SPECTRE: a multi-purpose autoencoder model for decontamination and anomaly detection on anomalous business process event logs
摘要
Business Process Management (BPM) plays a crucial role in overseeing organizational operations. BPM solutions generate vast quantities of data in the form of process event logs. These logs act as digital footprints of real-world activities. As deviations occur, they are captured inside event logs. Given that these anomalies can range anywhere from simple operational mishaps to fraud, and may lead to significant monetary loss. Consequently, the detection, analysis, and prevention of these instances are of utmost importance. In this paper, we introduce SPECTRE, the Spectral-channel Parallel Encoder with Contextual Attention for Reconstruction and Enhancement, an unsupervised and multi-purpose autoencoder framework developed for decontamination and anomaly detection in business process traces by reconstructing clean sequences from contaminated event logs.
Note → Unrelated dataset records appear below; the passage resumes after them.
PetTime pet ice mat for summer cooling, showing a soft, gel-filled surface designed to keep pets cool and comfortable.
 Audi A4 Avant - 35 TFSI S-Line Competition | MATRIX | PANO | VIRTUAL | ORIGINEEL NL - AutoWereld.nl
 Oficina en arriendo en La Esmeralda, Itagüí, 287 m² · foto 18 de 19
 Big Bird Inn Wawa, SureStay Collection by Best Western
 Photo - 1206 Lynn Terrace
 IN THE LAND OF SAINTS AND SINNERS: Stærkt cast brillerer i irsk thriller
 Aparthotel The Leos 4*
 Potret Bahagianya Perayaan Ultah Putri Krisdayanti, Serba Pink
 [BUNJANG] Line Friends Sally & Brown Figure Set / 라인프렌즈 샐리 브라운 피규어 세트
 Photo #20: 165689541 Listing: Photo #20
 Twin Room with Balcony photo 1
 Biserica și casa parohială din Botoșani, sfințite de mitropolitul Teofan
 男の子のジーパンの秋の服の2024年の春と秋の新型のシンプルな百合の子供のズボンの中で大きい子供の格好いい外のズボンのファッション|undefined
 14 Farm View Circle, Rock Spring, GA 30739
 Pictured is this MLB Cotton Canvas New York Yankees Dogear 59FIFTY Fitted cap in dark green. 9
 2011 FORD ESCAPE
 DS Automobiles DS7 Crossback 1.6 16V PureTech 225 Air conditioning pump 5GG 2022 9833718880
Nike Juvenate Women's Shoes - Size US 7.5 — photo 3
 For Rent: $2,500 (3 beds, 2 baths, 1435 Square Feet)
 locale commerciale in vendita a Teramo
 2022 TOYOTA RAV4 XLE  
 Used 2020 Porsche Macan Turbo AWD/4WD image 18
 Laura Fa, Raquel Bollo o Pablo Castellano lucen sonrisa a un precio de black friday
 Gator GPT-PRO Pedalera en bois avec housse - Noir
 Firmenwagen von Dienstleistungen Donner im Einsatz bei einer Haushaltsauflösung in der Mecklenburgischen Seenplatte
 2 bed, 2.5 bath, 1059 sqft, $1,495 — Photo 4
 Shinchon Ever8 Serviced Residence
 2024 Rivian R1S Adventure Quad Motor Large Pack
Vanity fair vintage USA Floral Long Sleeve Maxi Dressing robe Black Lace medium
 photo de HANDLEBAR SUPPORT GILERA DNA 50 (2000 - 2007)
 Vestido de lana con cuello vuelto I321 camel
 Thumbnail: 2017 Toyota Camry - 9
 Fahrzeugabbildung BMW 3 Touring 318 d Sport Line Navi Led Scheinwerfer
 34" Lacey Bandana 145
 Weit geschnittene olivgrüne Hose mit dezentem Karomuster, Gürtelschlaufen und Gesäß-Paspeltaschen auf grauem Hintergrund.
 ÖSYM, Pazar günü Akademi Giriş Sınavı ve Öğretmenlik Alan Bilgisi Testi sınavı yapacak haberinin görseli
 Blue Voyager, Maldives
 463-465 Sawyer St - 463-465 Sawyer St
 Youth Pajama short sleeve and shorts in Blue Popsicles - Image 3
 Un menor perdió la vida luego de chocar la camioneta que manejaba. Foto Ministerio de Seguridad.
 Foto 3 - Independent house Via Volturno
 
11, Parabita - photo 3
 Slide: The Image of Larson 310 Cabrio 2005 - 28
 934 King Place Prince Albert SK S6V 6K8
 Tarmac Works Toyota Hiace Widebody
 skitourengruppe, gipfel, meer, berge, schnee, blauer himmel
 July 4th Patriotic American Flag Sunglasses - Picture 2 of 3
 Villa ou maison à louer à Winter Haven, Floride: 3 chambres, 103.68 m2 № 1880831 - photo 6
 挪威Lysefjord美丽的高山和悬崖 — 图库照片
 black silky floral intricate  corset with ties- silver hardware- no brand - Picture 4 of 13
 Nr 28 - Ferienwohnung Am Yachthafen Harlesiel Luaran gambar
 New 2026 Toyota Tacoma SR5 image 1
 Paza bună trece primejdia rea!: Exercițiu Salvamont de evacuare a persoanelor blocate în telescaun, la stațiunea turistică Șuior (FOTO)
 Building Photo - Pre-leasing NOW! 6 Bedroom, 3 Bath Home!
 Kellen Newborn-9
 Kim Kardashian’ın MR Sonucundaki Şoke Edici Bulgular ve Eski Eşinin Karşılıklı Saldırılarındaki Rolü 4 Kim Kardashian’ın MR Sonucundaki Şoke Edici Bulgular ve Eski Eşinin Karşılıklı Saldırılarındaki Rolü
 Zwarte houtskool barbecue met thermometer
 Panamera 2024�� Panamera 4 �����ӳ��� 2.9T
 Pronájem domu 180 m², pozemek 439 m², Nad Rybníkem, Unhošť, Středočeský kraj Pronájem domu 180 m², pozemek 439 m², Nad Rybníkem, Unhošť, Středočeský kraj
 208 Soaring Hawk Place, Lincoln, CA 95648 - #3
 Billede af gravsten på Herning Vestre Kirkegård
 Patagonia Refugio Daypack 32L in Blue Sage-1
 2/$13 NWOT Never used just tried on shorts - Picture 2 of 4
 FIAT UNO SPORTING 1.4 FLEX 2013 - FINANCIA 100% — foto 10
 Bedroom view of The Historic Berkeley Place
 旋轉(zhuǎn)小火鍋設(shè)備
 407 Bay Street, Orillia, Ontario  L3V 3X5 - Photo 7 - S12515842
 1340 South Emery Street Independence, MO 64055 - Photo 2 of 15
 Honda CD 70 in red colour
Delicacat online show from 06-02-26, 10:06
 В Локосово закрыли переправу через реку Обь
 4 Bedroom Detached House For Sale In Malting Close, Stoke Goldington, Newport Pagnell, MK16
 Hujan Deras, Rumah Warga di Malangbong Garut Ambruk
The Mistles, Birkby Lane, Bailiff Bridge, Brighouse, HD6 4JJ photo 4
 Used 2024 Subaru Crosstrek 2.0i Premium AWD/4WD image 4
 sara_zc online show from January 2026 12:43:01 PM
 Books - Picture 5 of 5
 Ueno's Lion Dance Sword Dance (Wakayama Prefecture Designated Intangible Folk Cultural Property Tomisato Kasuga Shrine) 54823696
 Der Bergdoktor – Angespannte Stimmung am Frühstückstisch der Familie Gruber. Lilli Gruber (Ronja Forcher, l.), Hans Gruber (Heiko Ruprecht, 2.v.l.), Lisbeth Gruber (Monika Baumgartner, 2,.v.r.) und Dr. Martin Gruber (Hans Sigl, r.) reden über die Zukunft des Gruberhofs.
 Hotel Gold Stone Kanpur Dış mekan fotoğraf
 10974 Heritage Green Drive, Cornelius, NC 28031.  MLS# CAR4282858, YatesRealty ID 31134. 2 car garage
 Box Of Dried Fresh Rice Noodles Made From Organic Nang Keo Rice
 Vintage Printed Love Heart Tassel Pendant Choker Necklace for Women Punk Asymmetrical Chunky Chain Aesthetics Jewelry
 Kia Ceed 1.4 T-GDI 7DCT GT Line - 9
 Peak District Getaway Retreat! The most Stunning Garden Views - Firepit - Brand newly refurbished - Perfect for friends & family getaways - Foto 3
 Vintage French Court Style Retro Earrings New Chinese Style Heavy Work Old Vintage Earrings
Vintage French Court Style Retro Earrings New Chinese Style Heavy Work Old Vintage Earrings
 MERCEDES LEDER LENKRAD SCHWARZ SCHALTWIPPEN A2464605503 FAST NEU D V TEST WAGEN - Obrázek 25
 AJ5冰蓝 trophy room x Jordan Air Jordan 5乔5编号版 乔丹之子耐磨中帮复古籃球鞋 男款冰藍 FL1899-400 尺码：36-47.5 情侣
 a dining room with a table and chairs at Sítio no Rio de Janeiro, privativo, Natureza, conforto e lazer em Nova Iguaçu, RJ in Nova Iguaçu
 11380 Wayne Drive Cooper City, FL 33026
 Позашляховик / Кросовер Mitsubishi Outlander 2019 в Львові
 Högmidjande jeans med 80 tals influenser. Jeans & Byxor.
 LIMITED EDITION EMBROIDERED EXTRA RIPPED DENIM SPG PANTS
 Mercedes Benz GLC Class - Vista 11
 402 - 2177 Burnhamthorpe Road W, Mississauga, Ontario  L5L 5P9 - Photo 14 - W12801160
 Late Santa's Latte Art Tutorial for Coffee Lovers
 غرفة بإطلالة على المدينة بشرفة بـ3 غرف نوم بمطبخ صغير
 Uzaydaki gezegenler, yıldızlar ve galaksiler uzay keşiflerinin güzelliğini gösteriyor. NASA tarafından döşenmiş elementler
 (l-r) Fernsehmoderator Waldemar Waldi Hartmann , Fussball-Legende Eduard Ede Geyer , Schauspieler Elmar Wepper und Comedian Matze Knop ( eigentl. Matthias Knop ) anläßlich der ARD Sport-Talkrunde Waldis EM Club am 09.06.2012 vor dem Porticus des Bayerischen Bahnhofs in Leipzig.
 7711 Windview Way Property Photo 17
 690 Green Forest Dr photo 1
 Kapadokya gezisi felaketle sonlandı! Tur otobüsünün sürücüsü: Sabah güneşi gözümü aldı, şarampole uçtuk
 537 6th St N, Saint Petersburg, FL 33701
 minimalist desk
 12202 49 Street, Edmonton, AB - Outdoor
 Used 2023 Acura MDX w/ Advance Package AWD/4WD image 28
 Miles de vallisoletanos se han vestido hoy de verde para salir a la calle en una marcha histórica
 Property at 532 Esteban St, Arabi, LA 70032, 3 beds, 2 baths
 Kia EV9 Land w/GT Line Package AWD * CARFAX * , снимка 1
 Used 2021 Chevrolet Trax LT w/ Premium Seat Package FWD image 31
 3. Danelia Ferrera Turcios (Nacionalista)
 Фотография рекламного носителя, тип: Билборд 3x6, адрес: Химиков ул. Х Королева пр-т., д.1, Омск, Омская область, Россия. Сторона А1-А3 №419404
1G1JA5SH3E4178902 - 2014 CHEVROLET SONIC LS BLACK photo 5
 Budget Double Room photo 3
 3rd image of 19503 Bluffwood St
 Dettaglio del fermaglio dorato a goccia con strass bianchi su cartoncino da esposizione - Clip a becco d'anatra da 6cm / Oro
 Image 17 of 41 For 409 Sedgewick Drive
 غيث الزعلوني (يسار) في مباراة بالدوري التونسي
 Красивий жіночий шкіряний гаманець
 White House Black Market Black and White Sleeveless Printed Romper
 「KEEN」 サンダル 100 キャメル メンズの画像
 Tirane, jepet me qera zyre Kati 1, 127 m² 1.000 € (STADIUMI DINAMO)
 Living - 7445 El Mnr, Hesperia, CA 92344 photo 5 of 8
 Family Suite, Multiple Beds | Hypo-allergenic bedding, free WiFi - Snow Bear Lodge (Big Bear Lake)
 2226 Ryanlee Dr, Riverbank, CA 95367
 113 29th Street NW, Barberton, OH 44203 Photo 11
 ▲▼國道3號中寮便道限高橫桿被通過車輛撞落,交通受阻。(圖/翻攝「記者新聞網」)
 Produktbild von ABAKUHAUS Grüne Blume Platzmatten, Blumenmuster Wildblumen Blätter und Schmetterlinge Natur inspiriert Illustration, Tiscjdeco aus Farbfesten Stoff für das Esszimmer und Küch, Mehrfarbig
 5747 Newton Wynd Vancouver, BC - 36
Our study comprehensively evaluates the proposed approach on 11 datasets: 7 public and 4 private. To push the model further on datasets with scarce traces, we employ a data augmentation method referred to as Reduction Window. Experimental results validate SPECTRE’s effectiveness, achieving up to 0.9994 in decontamination accuracy and an F1-score of 0.996 in event-level anomaly detection. This is achieved while preserving near-linear scalability in processing large volumes of events. Furthermore, Reduction Window approach noticeably boosted performance, yielding up to 2% improvement in decontamination accuracy and up to 45% gain in anomaly detection performance on challenging logs.